Un héritage difficile
C’est d’ailleurs bien cette profusion d’expériences et de métissages, qui pose aujourd’hui problème. Quels groupes de pop, de rock ou d’électro peuvent désormais prétendre hériter des Talking Heads, et afficher une même ambition ? Les Daft Punk ? Il y a de ça chez eux, sauf qu’ils ont choisi une culture du loisir et du divertissement, qui peine parfois à enrichir notre vision du monde. Air ? Pourquoi pas, le groupe de Dunckel et Godin tissant des liens plutôt riches avec l’art, le cinéma ou la littérature, mais paraissant musicalement bien sage. Radiohead ? Il y a aussi de cela chez eux, leur parcours possédant quelques similitudes avec le groupe de Byrne.

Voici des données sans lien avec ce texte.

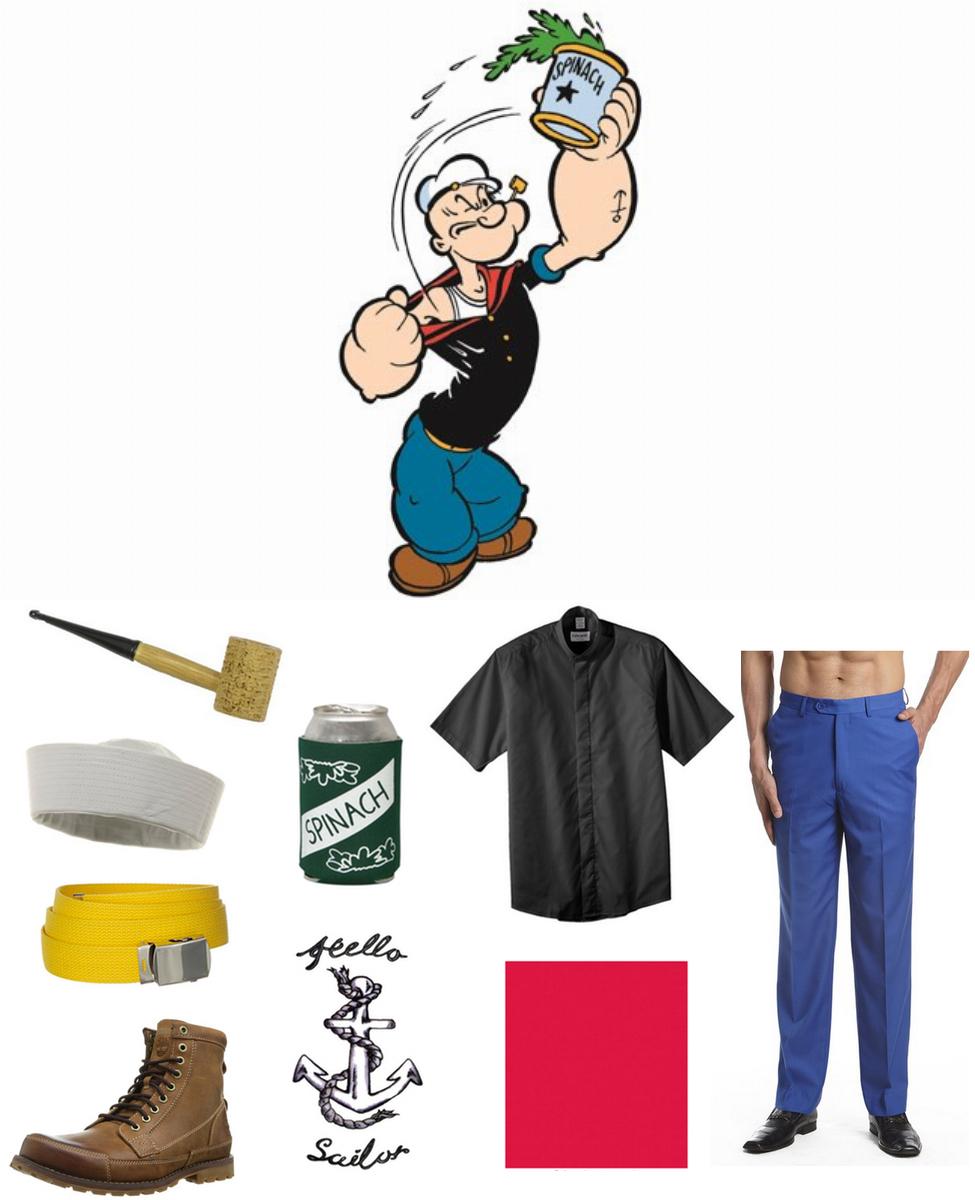 Popeye Costume Carbon Costume DIY DressUp Guides for Cosplay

Animal Collective ? Ils possèdent un sens de l’expérimentation comparable, s’inspirent d’autres cultures, mais sont loin d’obtenir un même succès pop. Alors on a beau imaginer de multiples héritiers, on a beau adorer la musique actuelle, il faut bien avouer qu’en regard du parcours des Talking Heads, une grande part de la pop possède hélas aujourd’hui quelque chose de fondamentalement inculte, privilégiant le revival sur l’invention, la tradition sur l’expérimentation, le repli sur soi plutôt que l’ouverture au monde. Un constat un peu flippant tout de même, avec lequel sont d’accord certains de nos interviewés. Joakim : “Je trouve en effet qu’aujourd’hui ils sont un peu cités à tort et à travers, par les médias, dans les communiqués de presse des groupes, mais ça ne dépasse finalement pas le stade du sample mal fait. On ne sent pas derrière ces nombreux groupes, une véritable influence, une véritable compréhension de leur musique”. Manu Barron : “Le groupe défendait et illustrait l’utopie d’une sorte de culture globale. Il y a chez eux à la fois une reflexion sur l’image, le texte, la scénographie… Une sensation de truc immense. Bon, c’est aussi et d’abord le groupe de David Byrne. Un artiste véritablement total, au sens où c’est quelqu’un qui allie une part de folie, d’originalité, de clairvoyance et de génie. Et qu’il est assez difficile de retrouver aujourd’hui avec une telle intensité. Il y a bien sûr aujourd’hui des showmen, des hype-men, des types hyper talentueux, mais pas toujours de personnalités aussi complexes. Donc, c’est un peu normal que les groupes actuels se bornent parfois, même sans le savoir, à pomper leur son. Car il est très difficile de rivaliser et de s’inspirer d’une telle richesse, d’une telle complexité, d’un talent aussi unique que celui de Byrne”.
Alors, à quand un nouveau groupe capable de rivaliser avec cet âge d’or ?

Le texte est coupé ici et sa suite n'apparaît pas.